EXERCISE PROMPT: With the pictures left out, please write out exactly each line from the one containing "ZEBRA DESIGN LOUNGE CHAIR" through the end of the material.

··· DATA FOR PROCESSING ···

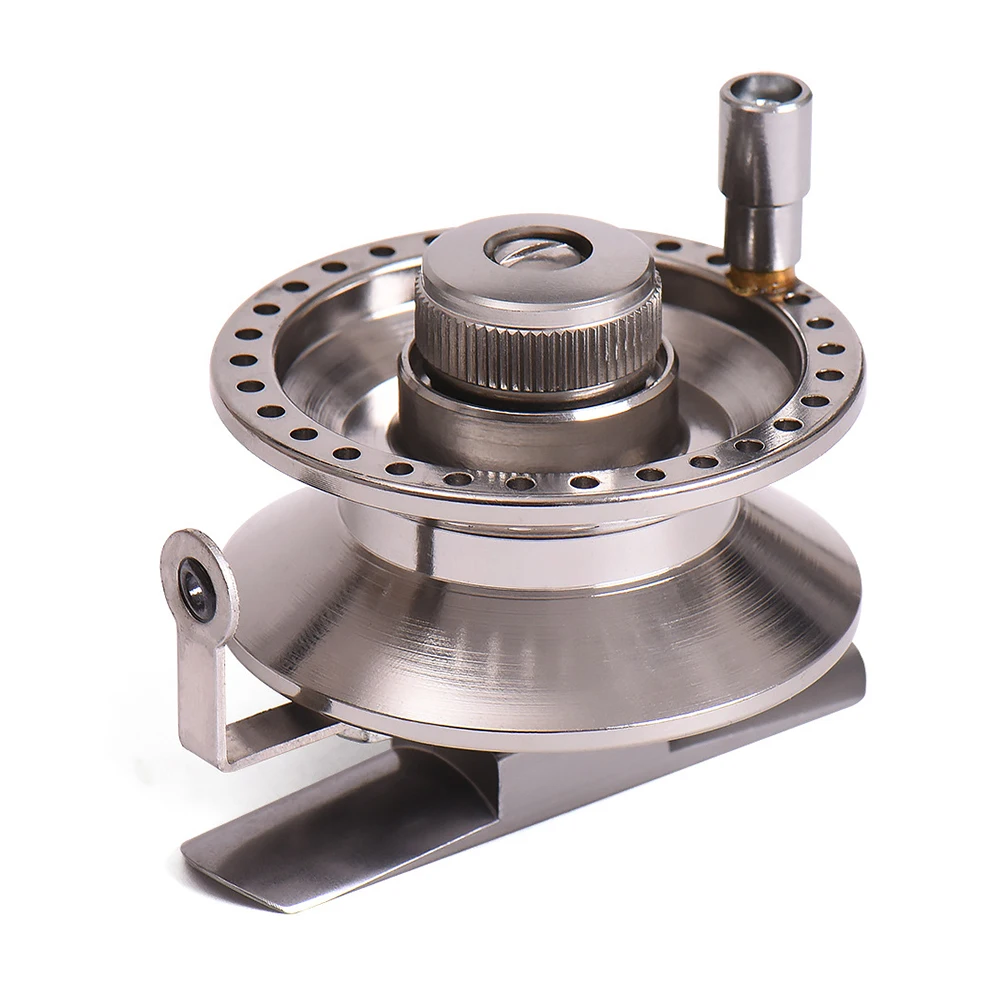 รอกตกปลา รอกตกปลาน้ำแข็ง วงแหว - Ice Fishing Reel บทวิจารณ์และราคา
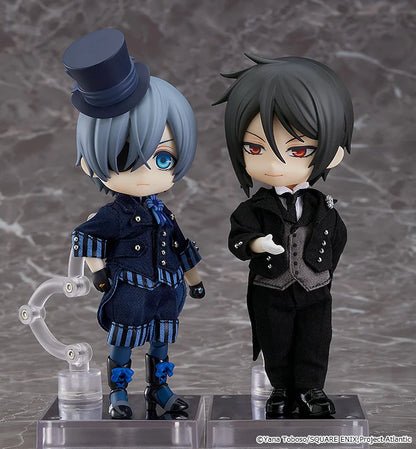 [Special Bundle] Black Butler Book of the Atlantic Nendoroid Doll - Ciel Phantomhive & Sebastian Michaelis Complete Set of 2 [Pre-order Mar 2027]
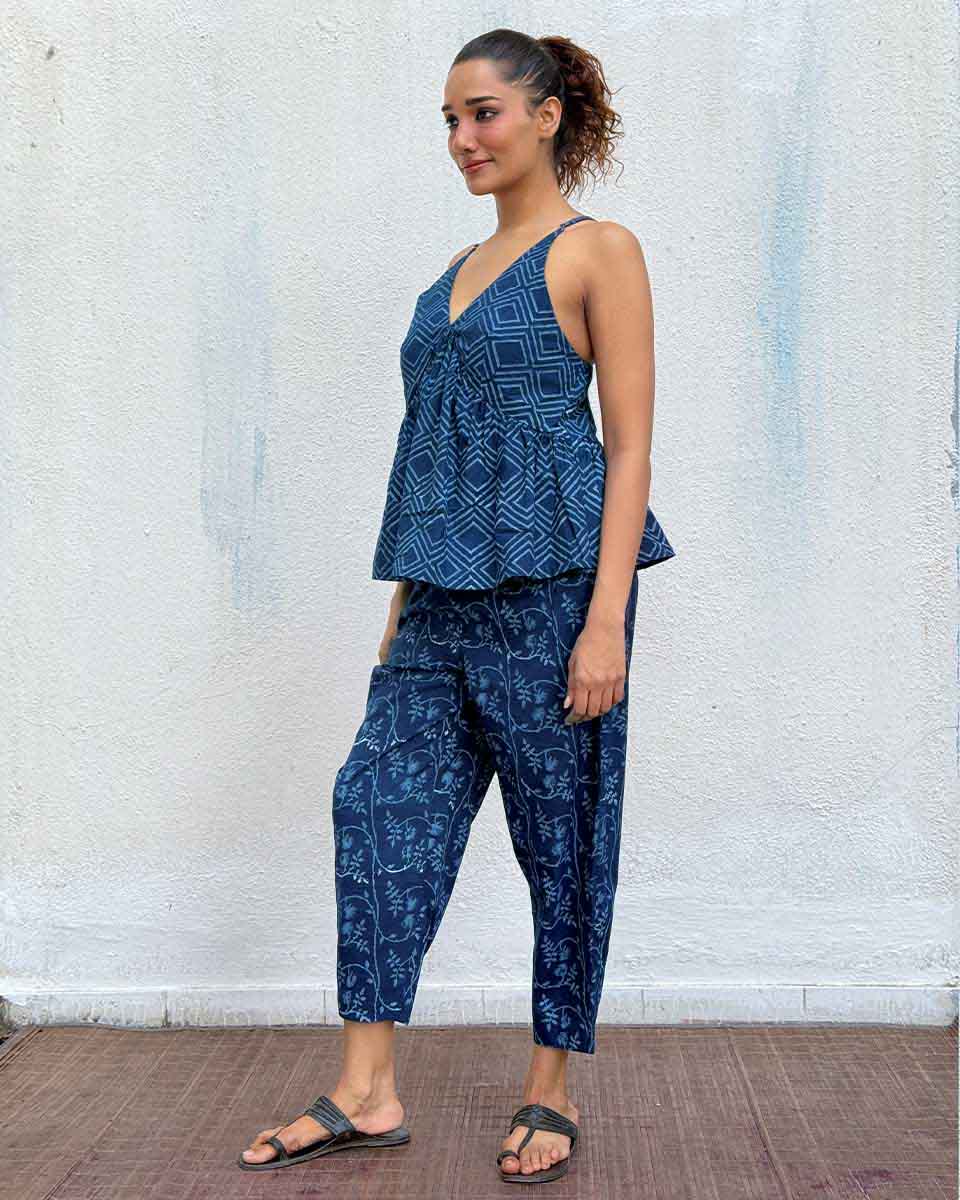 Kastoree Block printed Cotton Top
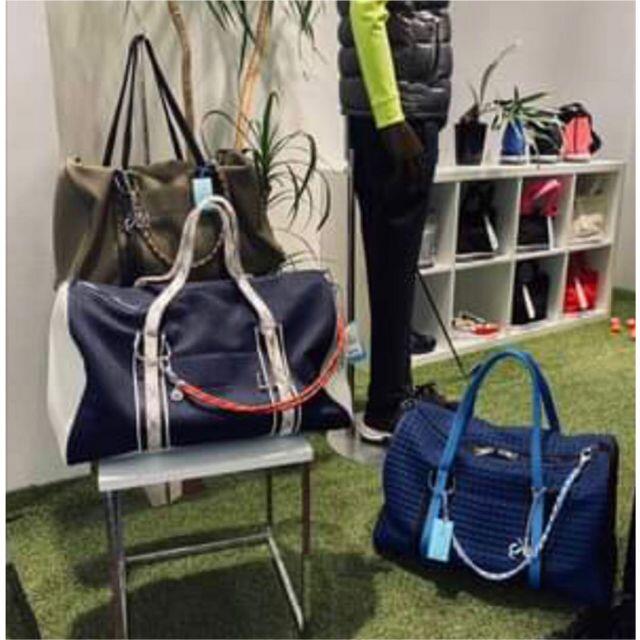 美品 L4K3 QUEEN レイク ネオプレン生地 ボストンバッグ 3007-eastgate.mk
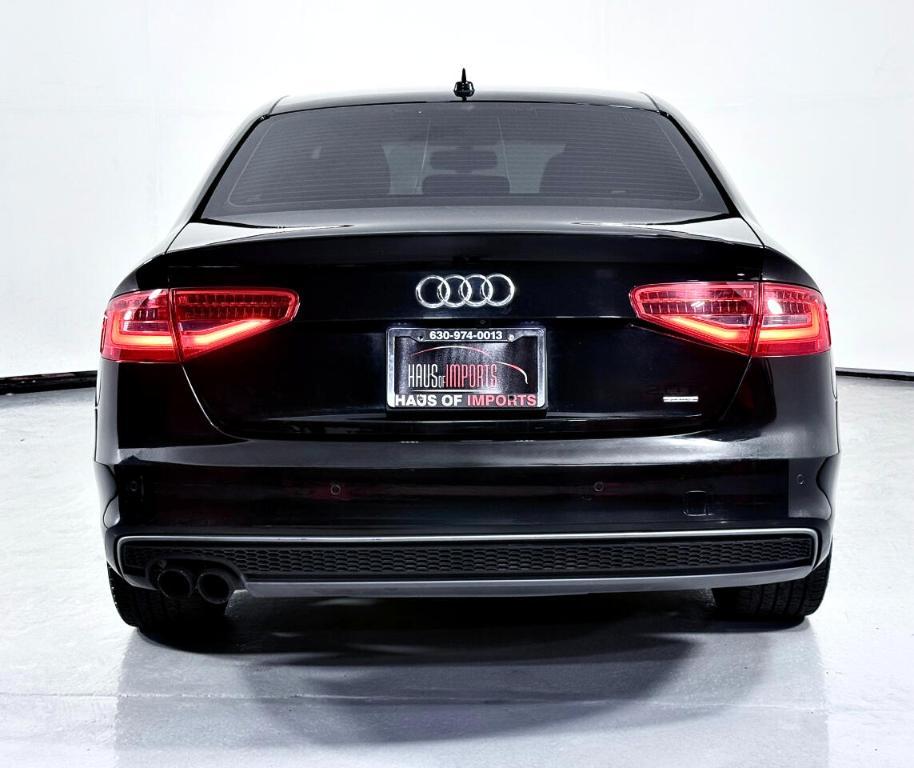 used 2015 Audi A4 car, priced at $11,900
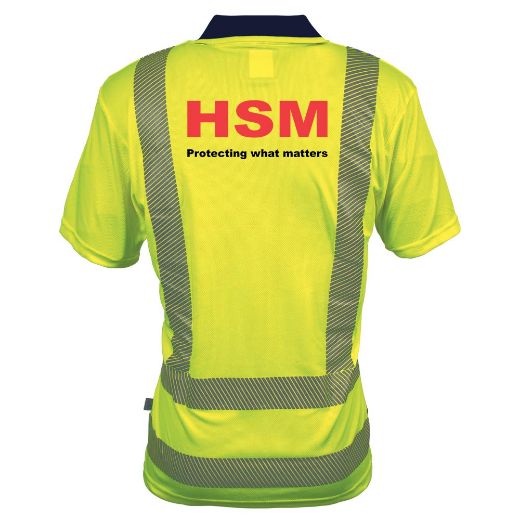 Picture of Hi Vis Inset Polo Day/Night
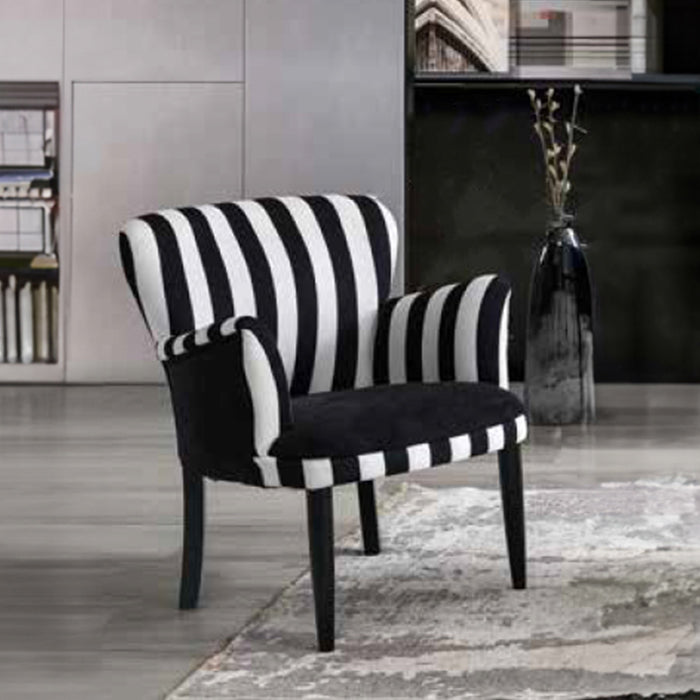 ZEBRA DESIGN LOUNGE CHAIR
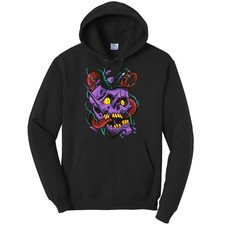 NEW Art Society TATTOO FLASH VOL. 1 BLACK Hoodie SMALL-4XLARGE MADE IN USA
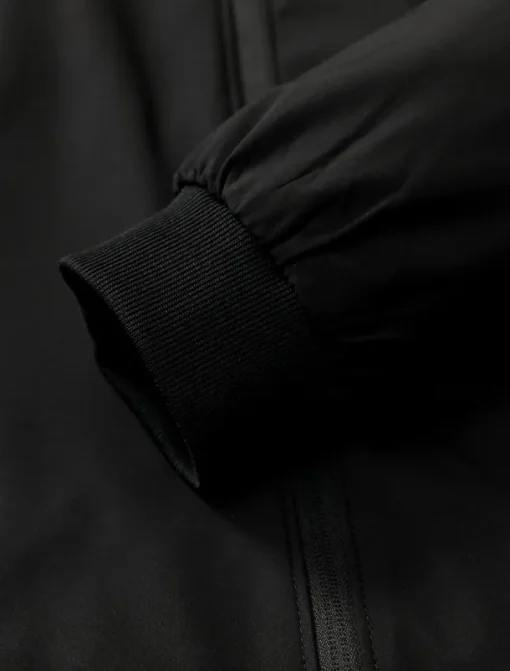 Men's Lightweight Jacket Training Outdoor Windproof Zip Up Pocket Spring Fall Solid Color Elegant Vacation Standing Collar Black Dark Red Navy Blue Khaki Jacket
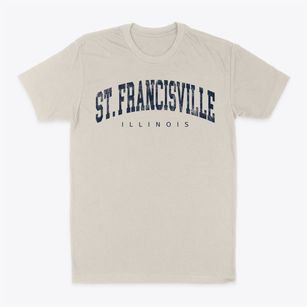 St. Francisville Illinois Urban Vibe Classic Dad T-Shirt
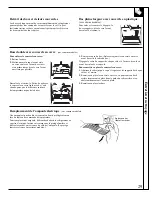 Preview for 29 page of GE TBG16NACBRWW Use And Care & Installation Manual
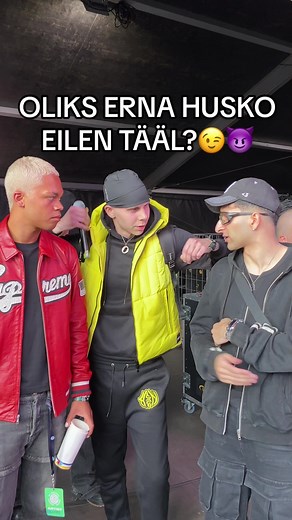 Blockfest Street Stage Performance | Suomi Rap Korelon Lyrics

···

SOLUTION TO THE PROBLEM:
 ZEBRA DESIGN LOUNGE CHAIR
 NEW Art Society TATTOO FLASH VOL. 1 BLACK Hoodie SMALL-4XLARGE MADE IN USA
 Men's Lightweight Jacket Training Outdoor Windproof Zip Up Pocket Spring Fall Solid Color Elegant Vacation Standing Collar Black Dark Red Navy Blue Khaki Jacket
 St. Francisville Illinois Urban Vibe Classic Dad T-Shirt
 Preview for 29 page of GE TBG16NACBRWW Use And Care & Installation Manual
 Blockfest Street Stage Performance | Suomi Rap Korelon Lyrics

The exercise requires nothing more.